News from the second day of the Cannes film festival is that the adaptation of Lionel Shriver’s novel, We Need to Talk about Kevin is earning raves and may be the winner of the Palm d’Or. It is directed by Scottish director Lynne Ramsay (Morvern Callar; she also considered adapting The Lovely Bones, but abandoned that project. Peter Jackson directed an adaptation in 2009) and stars Tilda Swinton.

Shriver’s novel follows a mother as she tries to come to terms with her son, who has committed a mass murder at his school. It was the winner of the 2005 Orange Prize and was published here in hardcover by Counterpoint and in trade paperback by HarperPerennial.

Two harrowing clips, below.
…………………….

GATSBY Casting Continues

Director Baz Luhrmann has filled another major role for his 3-D adaptation of The Great Gatsby. According to Deadline, newcomer Elizabeth Debicki will play Jordan Baker. Like Lurhrmann, she is from Australia. She just graduated from the Victorian College of the Arts and is described as having a “striking, athletic appearance” appropriate for the role of a golfer.

Ben Affleck recently bowed out of the role of Tom Buchanan.
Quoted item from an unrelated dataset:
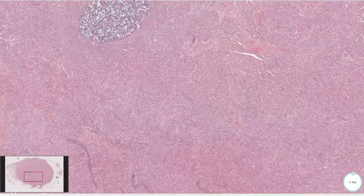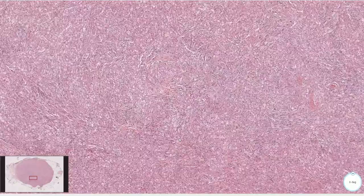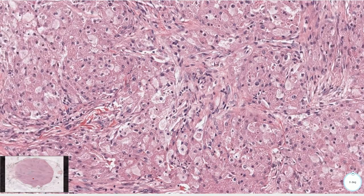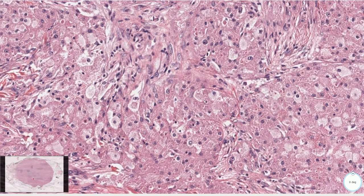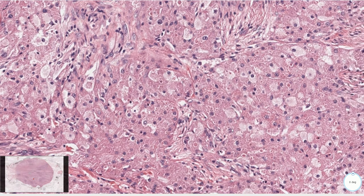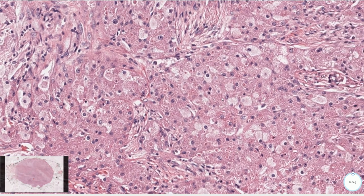On higher magnification we can see that this lesion is composed of relatively uniform cells with round nuclei with single nucleoli and relatively voluminous granular cytoplasm. This finely granular eosinophilic cytoplasm is a very important morphological clue and, together with bland nuclei, it is typical for granular cell tumor.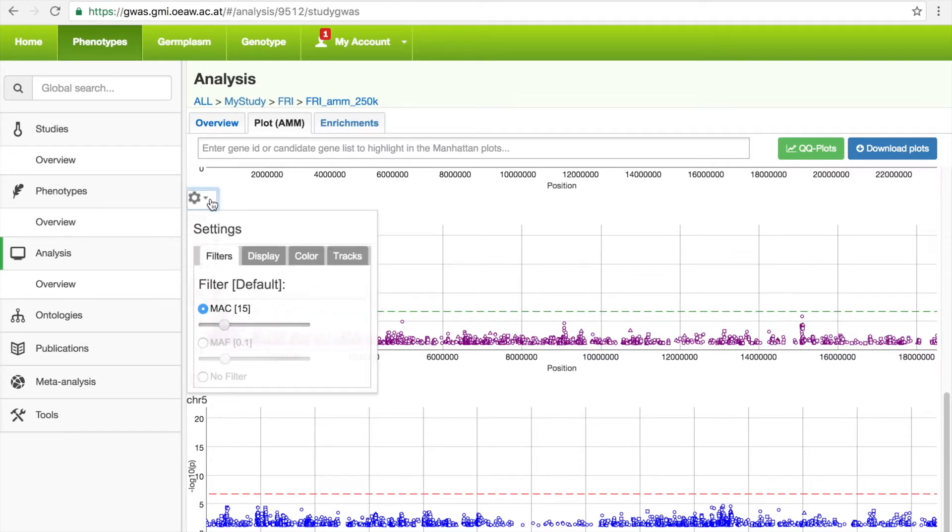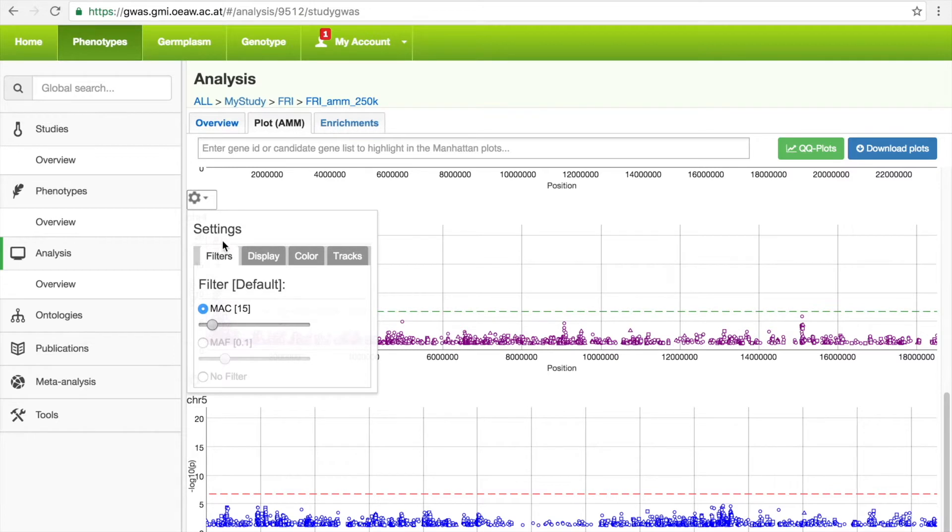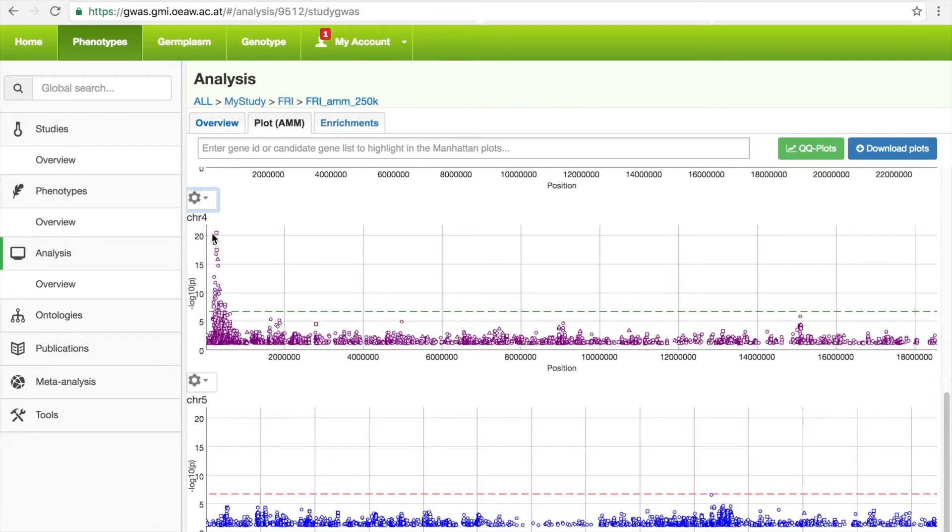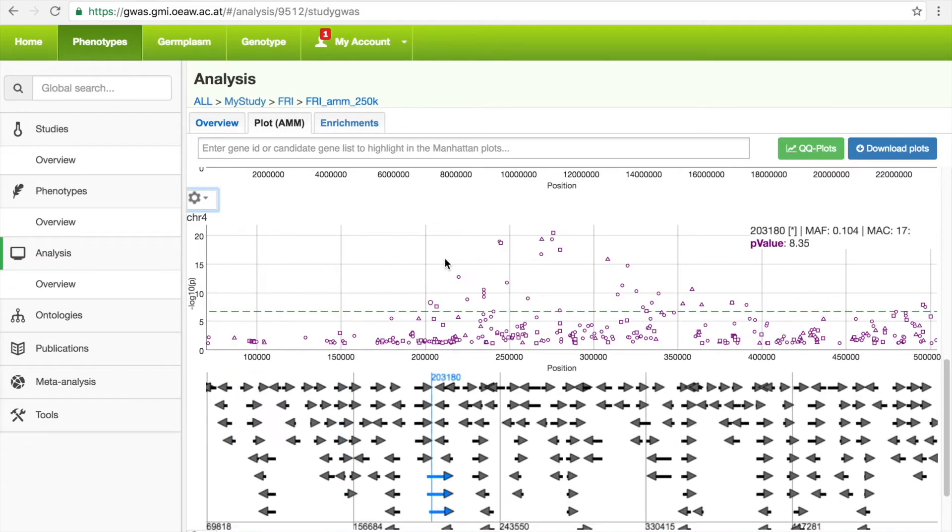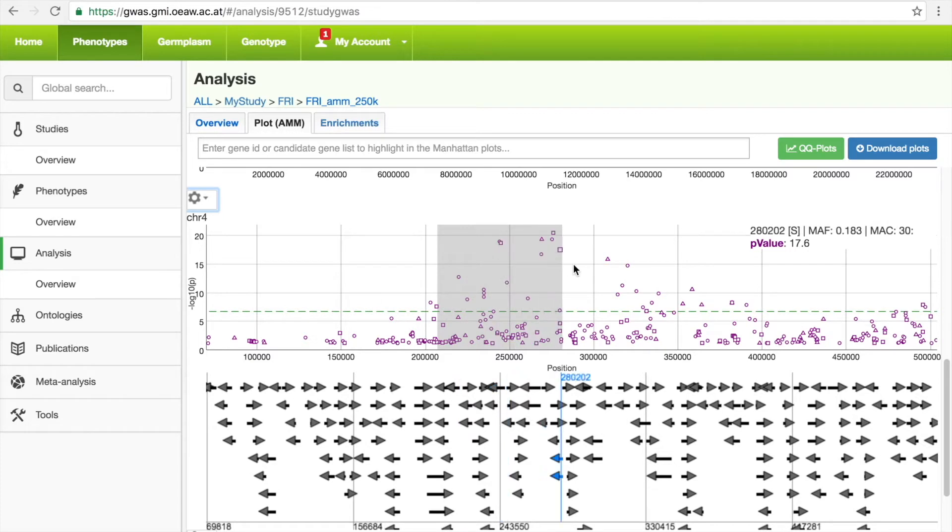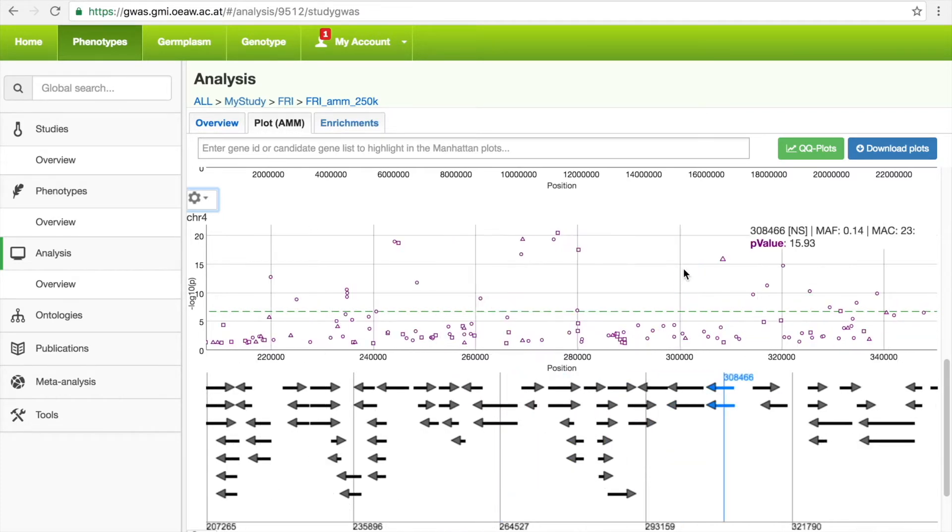For example, by changing the minor allele count threshold, or displaying only synonymous or non-synonymous SNPs. However, the real goal is to find the underlying genes responsible for the phenotype. So, zooming into the Manhattan plot will lead to the display of a gene annotation track underneath. If you mouse over any region, a blue line will appear underneath.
The other major roles that have already been cast are:

Nick Carraway — Tobey Maguire

Gatsby — Leonardo DiCaprio

Daisy — Carey Mulligan

Drop-in: Jaycee Dugard Memoir

S&S announced this week that Jaycee Dugard’s memoir, A Stolen Life, about her 18 years in captivity after being kidnapped as a child, will be published on July 12. The AP reports the story which is syndicated widely. Separately, the AP reports that TV networks are scrambling to get an interview with Dugard.

ISBN: 9781451629187; $24.99

It will also be available simultaneously in audio (S&S Audio; 9781442344983).

BOY IN THE MOON Rises

Ian Brown, the author of The Boy in the Moon (St. Martin’s),  a memoir about raising his severely disabled son, was interviewed on NPR’s Fresh Air yesterday (listen here). The book is also featured on the cover of the May 8 NYT BR.

As a result, the book rose to #122 (from #772) on Amazon’s sales rankings.

What Makes George Clooney Run?

The Hollywood news sites are atwitter over a brief clip from a movie coming out in December, The Descendants. The clip is more perplexing than exciting (unless you just love watching George Clooney run). The exciting part is the director; this is the first movie by Alexander Payne since Sideways.


 
The movie is based on the 2007 darkly humorous first novel by Hawaiian author Kaui Hart Hemmings. This line from the NYT BR’s review makes the clip more meaningful,

Matt King, a wealthy Honolulu attorney, has had a grave shock: his wife, Joanie, has been injured in a boat-racing accident and now lies in the hospital in a vegetative state. In the painful depths of this crisis, King tries to repair his relationship with his two daughters, then struggles with the revelation that before her accident his wife had been in love with another man.